_WHAT THIS TASK INVOLVES_
In the copy, every line of the material that follows must appear exactly, and no pictures should.

_COLLECTED DATA_
--- START ---

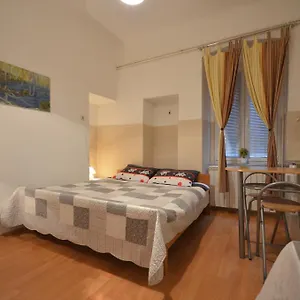 Appartamento Porto Baross, Fiume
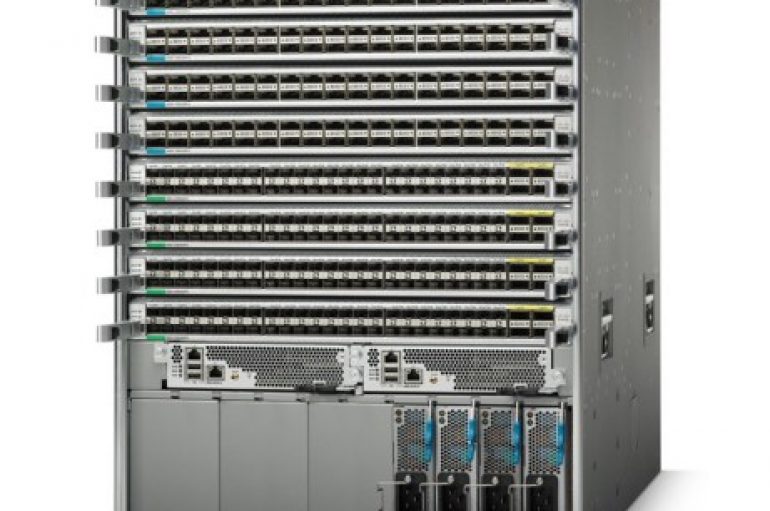 Cisco Addresses a Critical Flaw in Nexus 9000 Switches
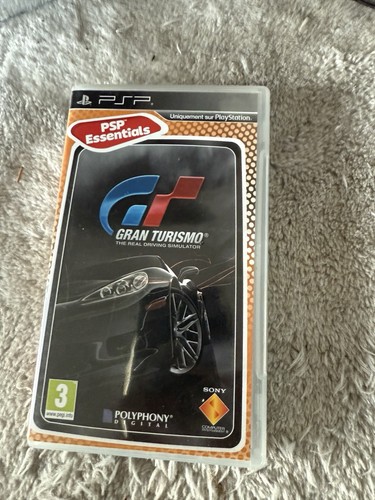 Jeux Vidéo Gran Turismo PlayStation Portable (PSP) d'occasion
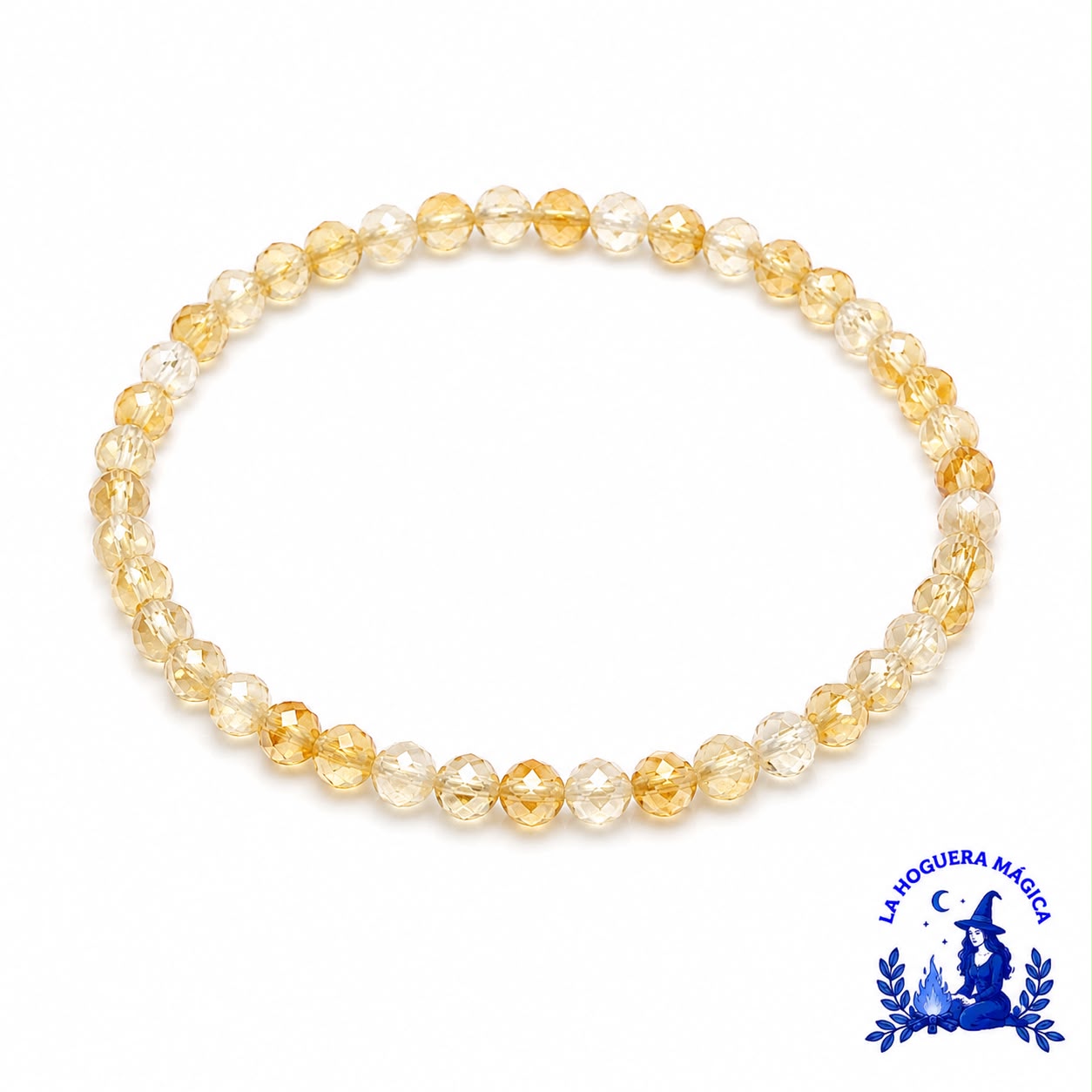 Pulsera - Citrino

--- END ---

_COMPLETED TASK_
 Appartamento Porto Baross, Fiume
 Cisco Addresses a Critical Flaw in Nexus 9000 Switches
 Jeux Vidéo Gran Turismo PlayStation Portable (PSP) d'occasion
 Pulsera - Citrino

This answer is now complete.